Evet, her renkten, her eğilimden, her sınıftan kadın çoğunluğu belirledi seçim sonucunu.
Peki, onların tercihini ne belirledi?
Bizde dindarlıkla sağcılık karıştırılıyor ya. Dindarlığın da, dinciliğin de daniskası Amerika'dadır. Seçimden sonra Obama zafer, Romney veda konuşmasını aynı haykırışla "Tanrı ülkemizi kutsasın!" diye bitirdiler.
Yalnız, Cumhuriyetçilerin safı aklı ve mantığı dışlayan uçuk dinci kesimi de kapsıyor. O üşütükler kadını pasif nesne gibi görmekte direnir.
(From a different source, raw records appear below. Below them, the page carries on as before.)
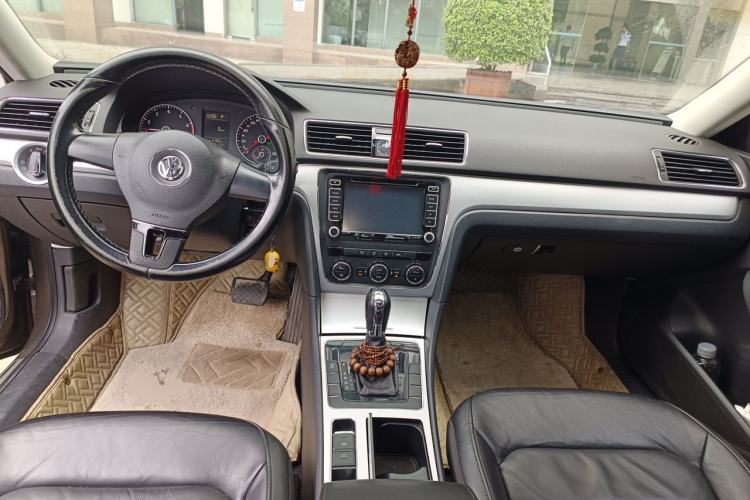 Used Volkswagen Passat 2011 1.8TSI Automatic Prestige Edition Center Console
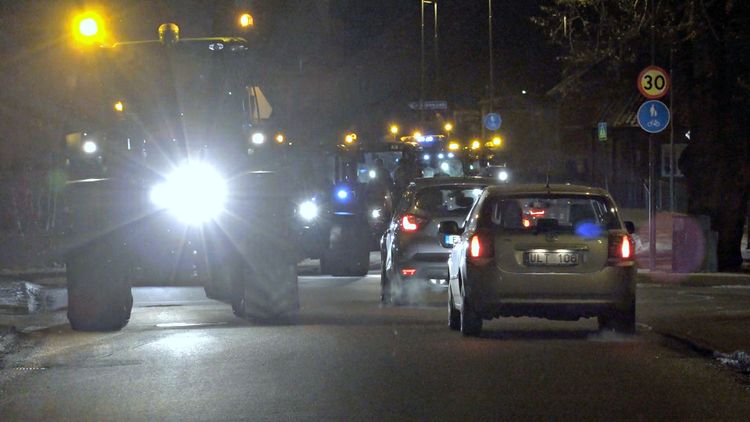 Elever showar i årliga traktortåget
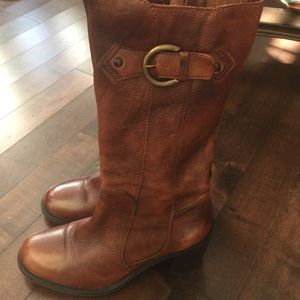 Beautiful leather Matisse riding boots. Size 81/2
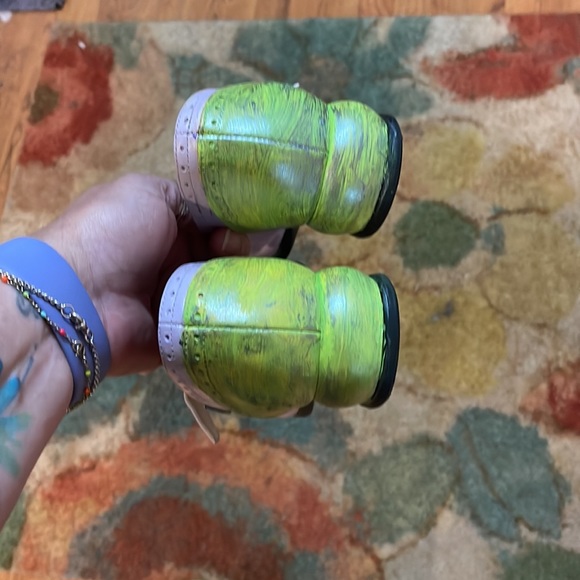 John Fluevog Kathy size 10 custom painted - Picture 5 of 11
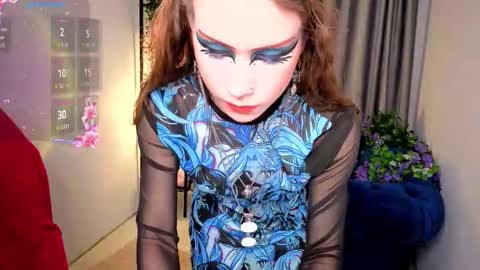 Karen online show from 12-19-25, 04:03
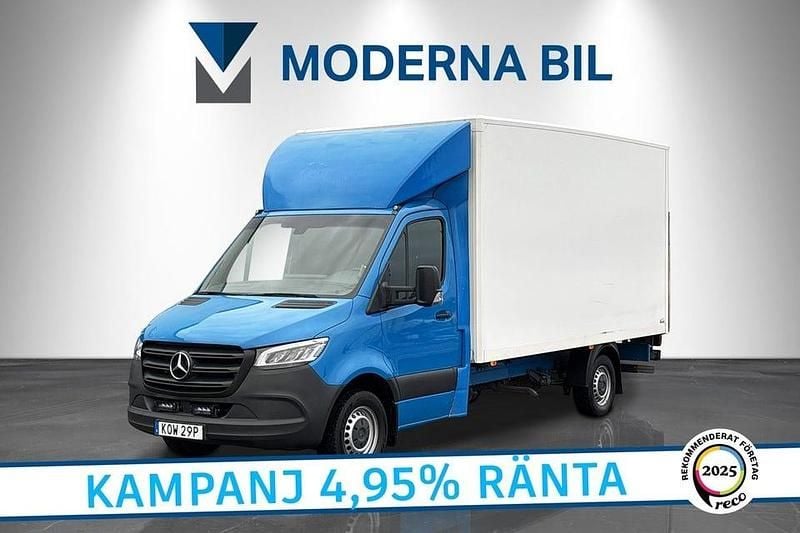 Blå Begagnad 2022 Mercedes Sprinter Van | 299 900 kr (Marknadspris) - Bild 1/4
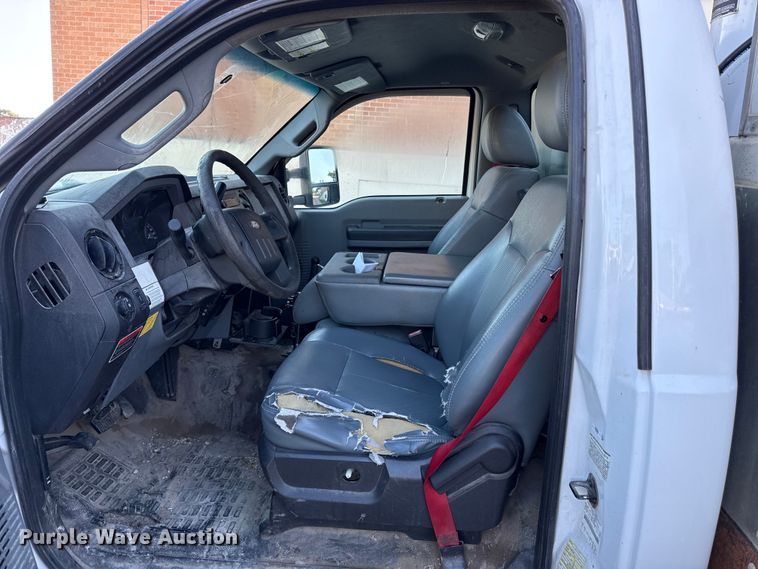 image for item ED4462 2011 Ford F450 bucket truck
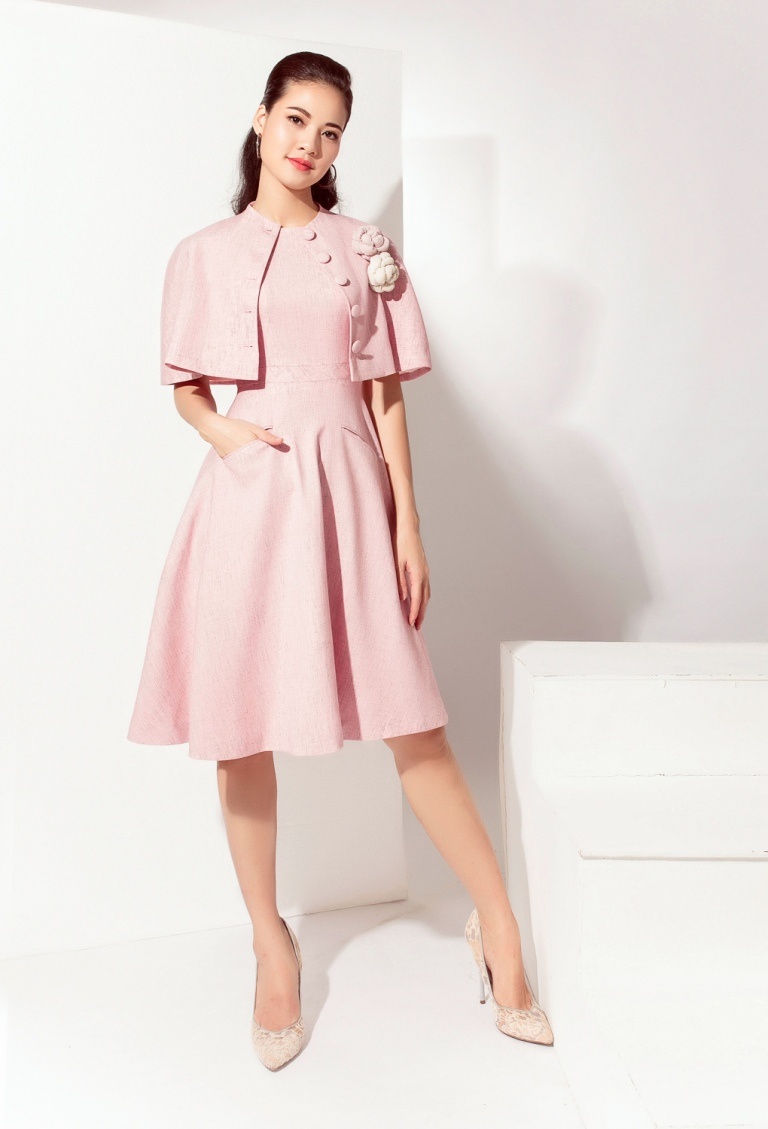 Trần Thị Quỳnh diện trang phục thanh lịch ảnh 2 Tran Thi Quynh dien trang phuc thanh lich anh 2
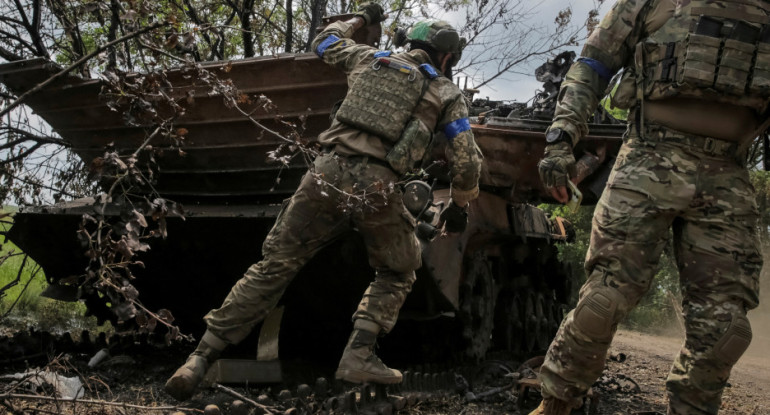 Miembros del servicio ucraniano en la región de Donetsk, Ucrania. Foto: Reuters.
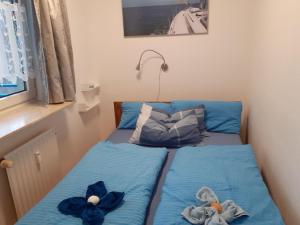Postel nebo postele na pokoji v ubytování Aquamarin - charmantes Appartement mit Balkon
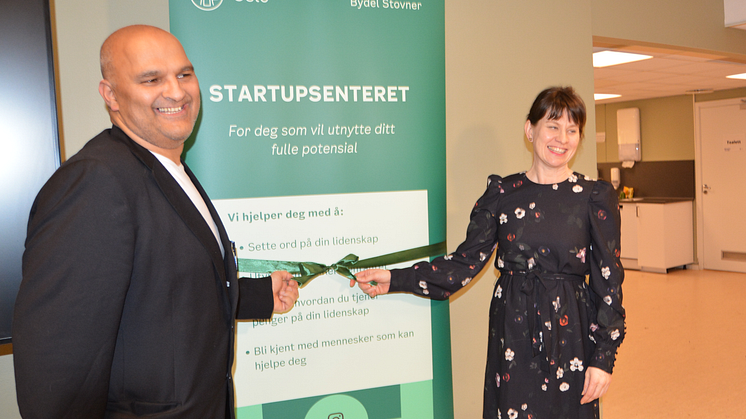 BU-leder Rashid Nawaz og byråd RIna Mariann Hansen åpner Startupsenteret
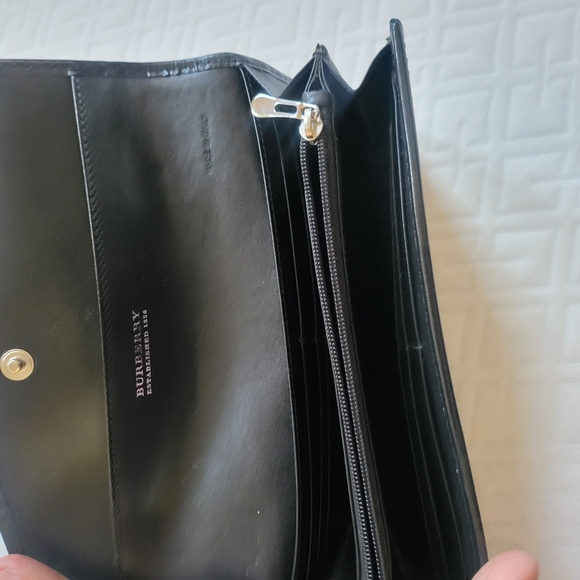 Burberry Nova Checkered Stirr Up Buckle Large Wallet - Picture 6 of 11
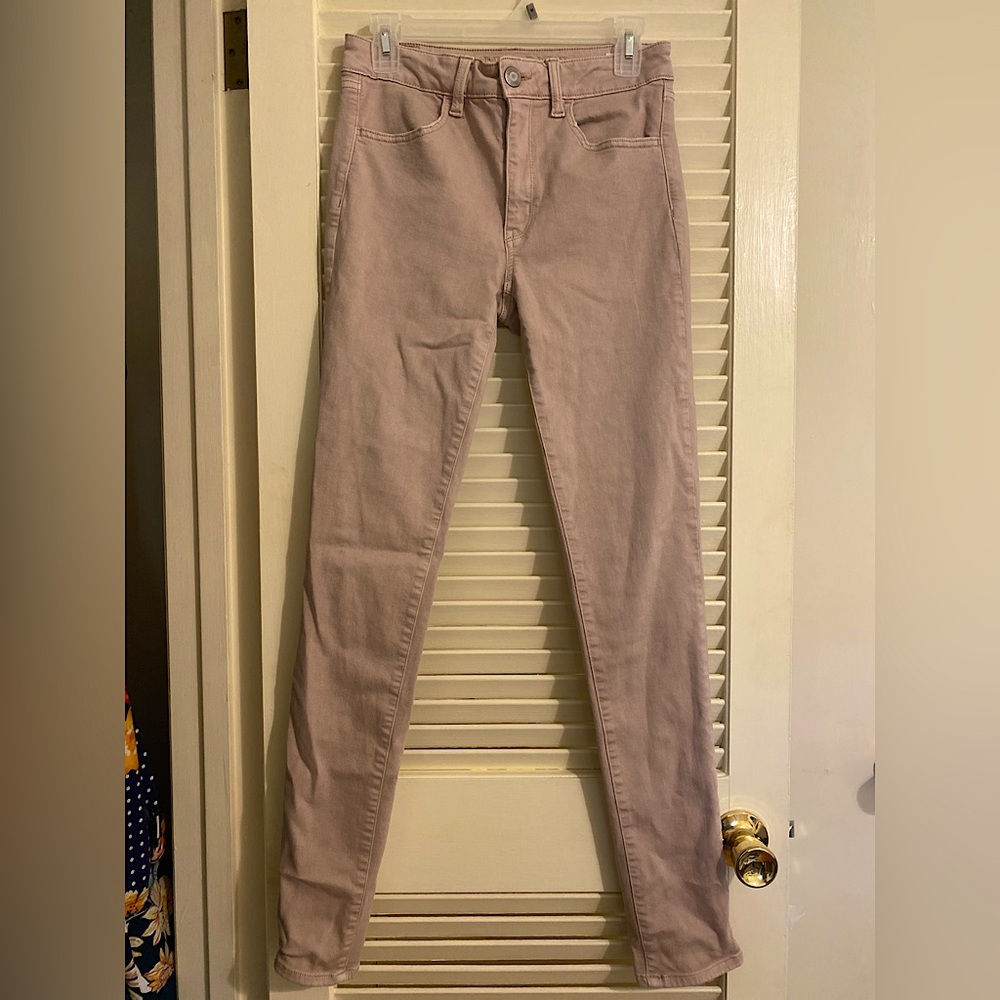 Women’s jeans. American Eagle brand, xtra long light pink jeans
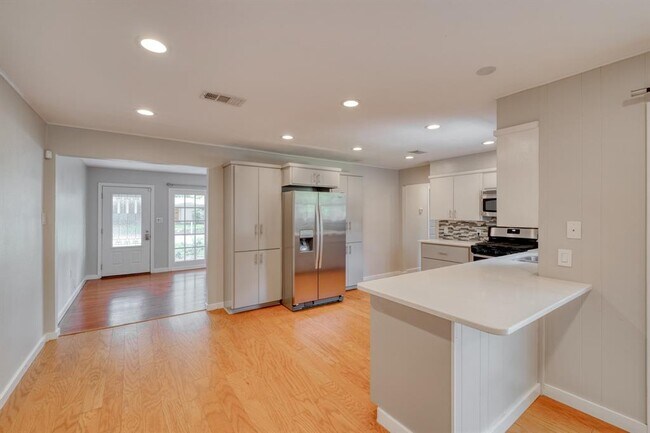 Building Photo - 8202 Polar Dr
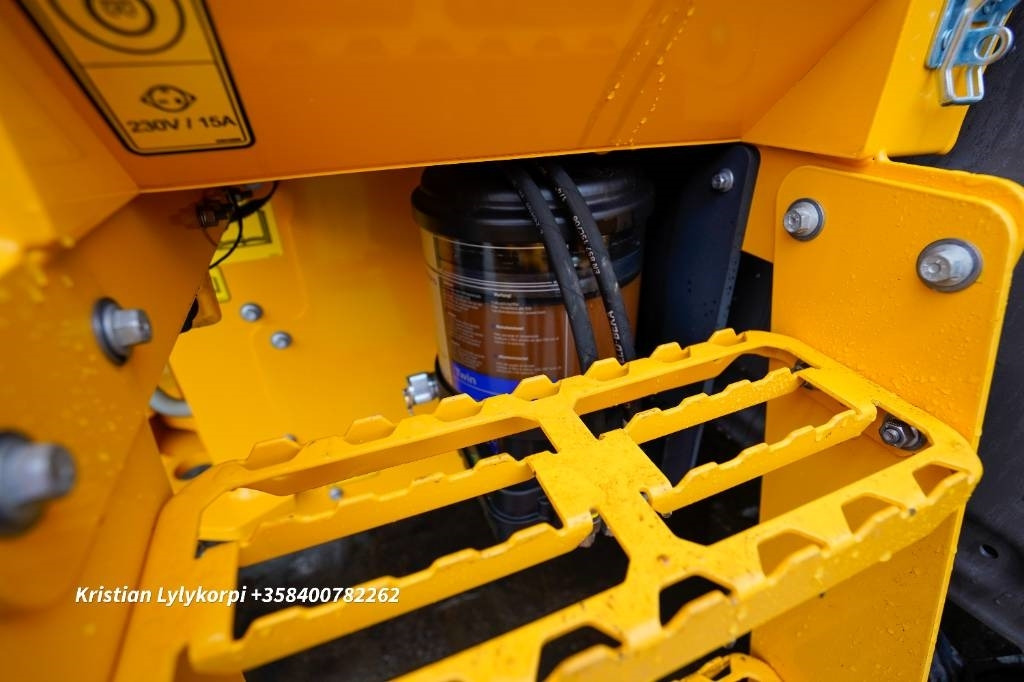 Wheel loader Volvo L70H2: picture 13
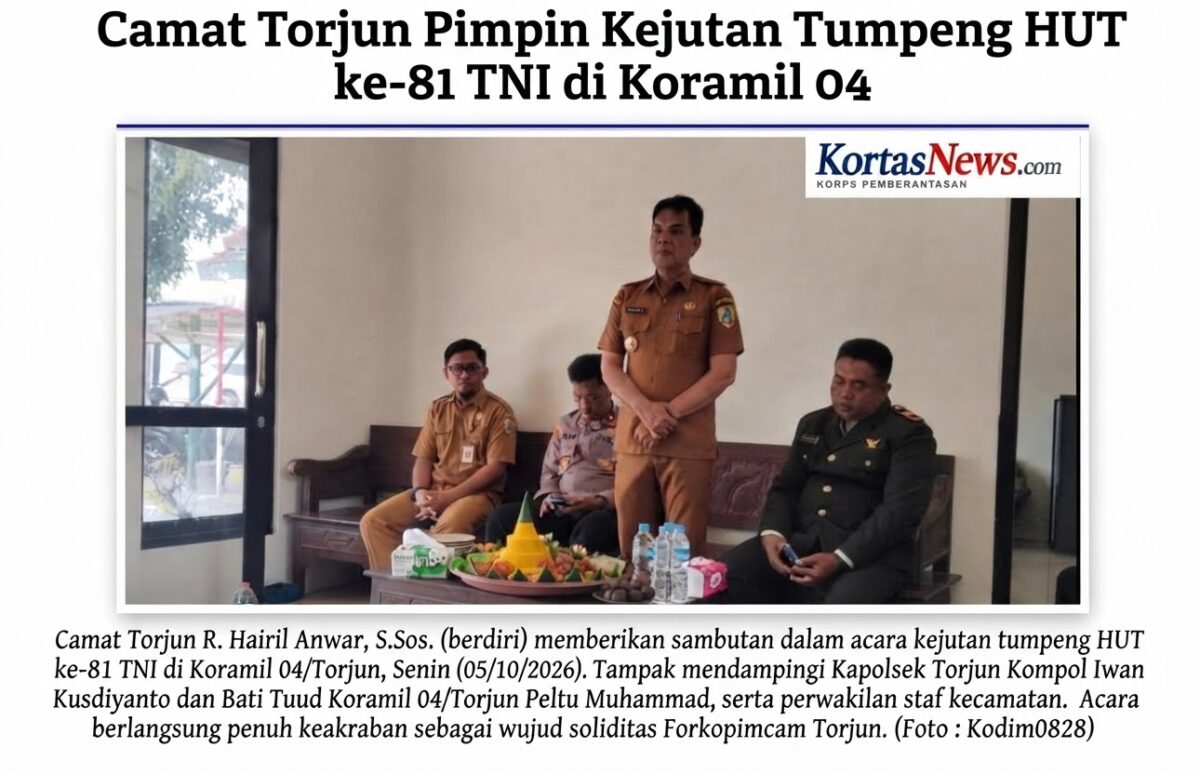 Rayakan HUT ke-81 TNI, Forkopimcam Torjun Kompak Datangi Koramil Bawa Tumpeng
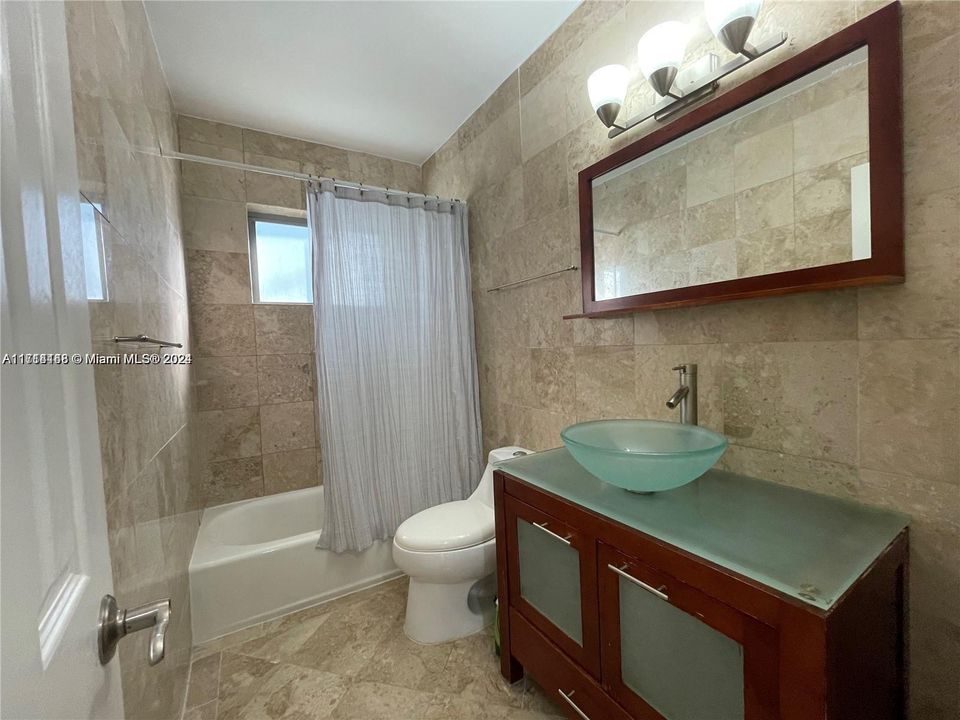 For Rent: $2,750 (2 beds, 2 baths, 871 Square Feet)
Örneğin Romney yandaşı iki senatör kürtaj yasağını insancıl ilkelere dayanarak savunacak yerde "Irzına geçilen kadınların başına gelen takdiri ilahîdir" dediler. Yani tecavüz Tanrı'nın işi olduğuna göre, sonuçları makbulmüş.
Amerikan kadınları, dindarları dahil, ayağa kalktı. Seçimde o iki senatör de yenildi. Senatoya giren üç yeni demokrat üyeden ikisi kadın.
Biri hızlı solcu, öteki cinsel tercihini ilan eden bir lezbiyen. İkisi de çakı gibi dövüşken politikacı.
Bizde kadınlar ne durumda? Her konu gibi bunu da konuşulanlara değil, kendi yaşadıklarıma bakarak değerlendirmeye çalışmaktayım.
"Aşağılanıyor, eziliyor, öldürülüyorlar" diyeceksiniz. Doğrudur, kadına karşı kaba güç kullanımında büyük artış var. Ancak, bu -şaşırmayın- olumlu bir gelişmenin tersten belirtisi. "İnce güç" diyebileceğimiz kadın etkisi hızla yükseliyor bizim ülkemizde de. Erkeklerimizin ilkel kalmış kesimi sindiremiyor o yeni bağımsızlaşmayı. Kaslarıyla saldırmaktan başka tepki veremiyor.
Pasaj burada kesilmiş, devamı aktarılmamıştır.